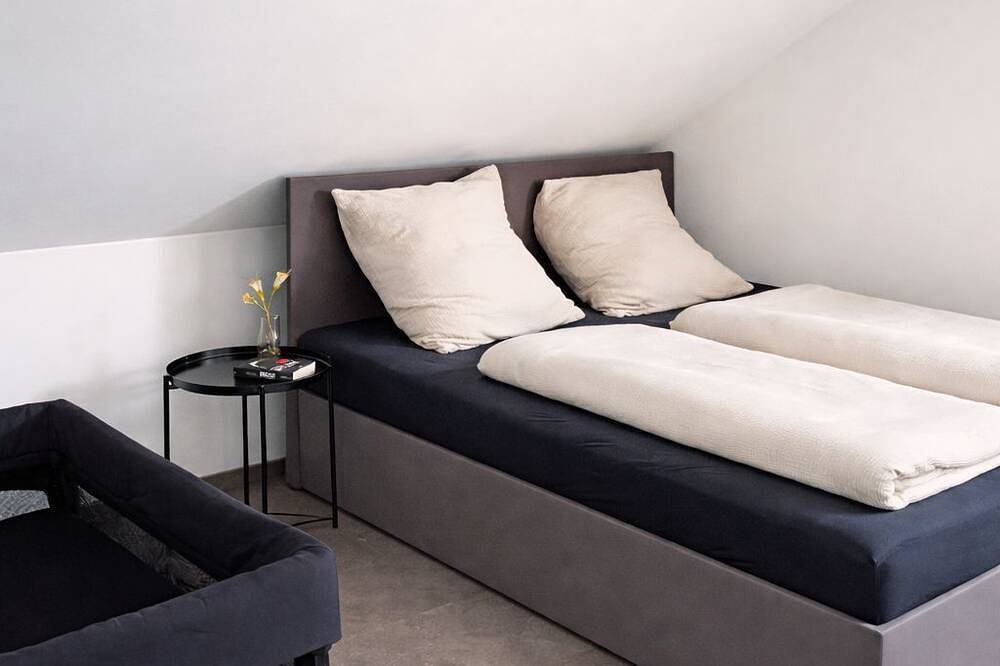 Ganze Wohnung, Lichtdurchflutete Wohnung zwischen Würzburg & dem Taubertal in Ochsenfurt, Romantische Straße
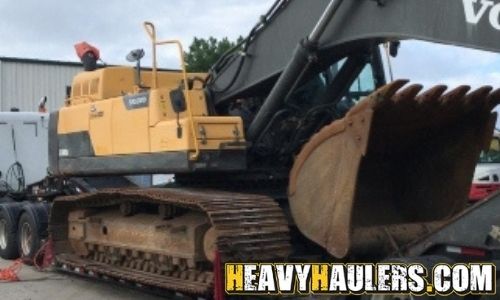 Hauling a Volvo excavator to Wilmington.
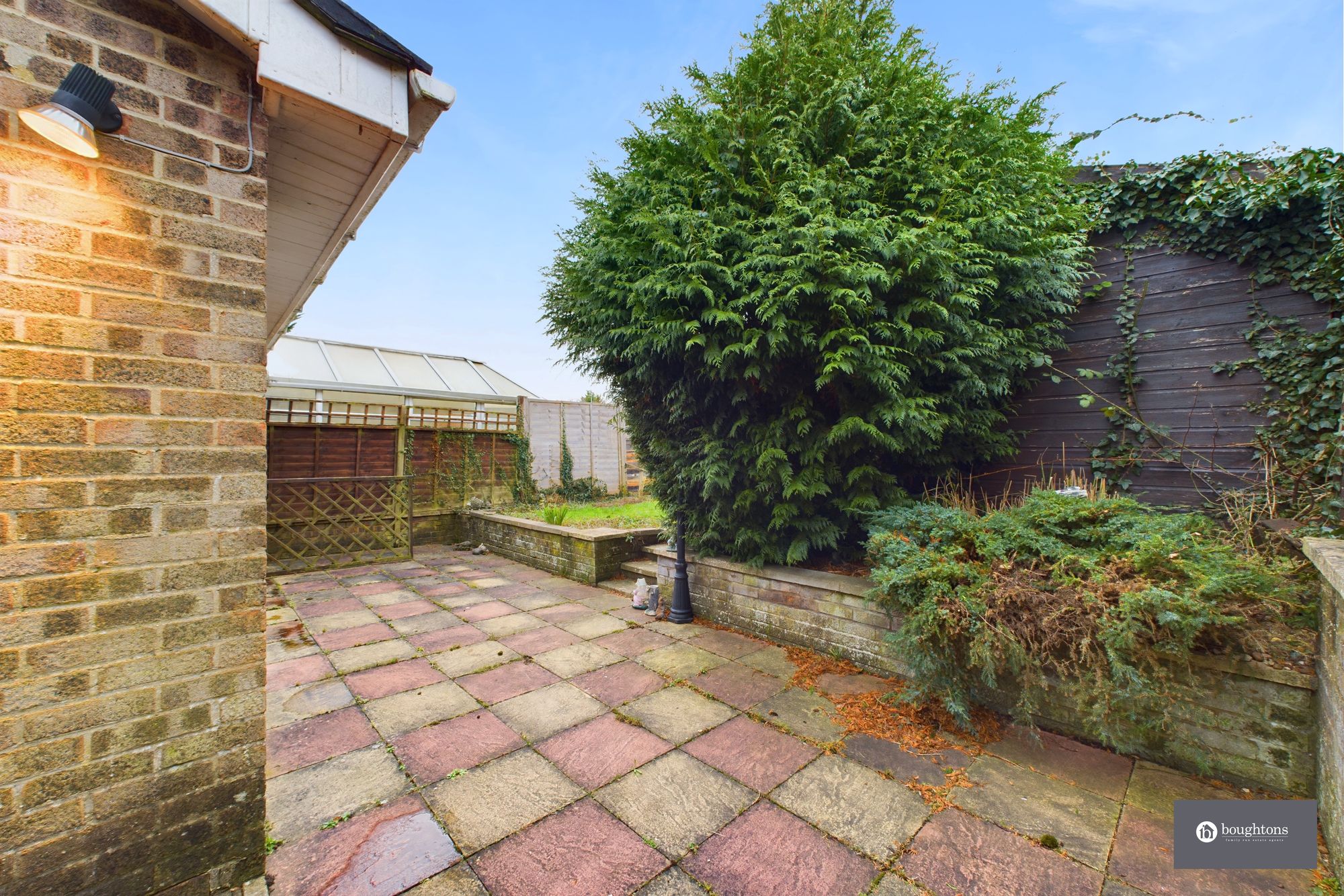 2 bed semi-detached bungalow for sale in Ellesmere Avenue, Brackley  - Property Image 15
—————
Instructions to follow. Copy each line above exactly. Images do not belong in the copy.

Response below.
 Ganze Wohnung, Lichtdurchflutete Wohnung zwischen Würzburg & dem Taubertal in Ochsenfurt, Romantische Straße
 Hauling a Volvo excavator to Wilmington.
 2 bed semi-detached bungalow for sale in Ellesmere Avenue, Brackley  - Property Image 15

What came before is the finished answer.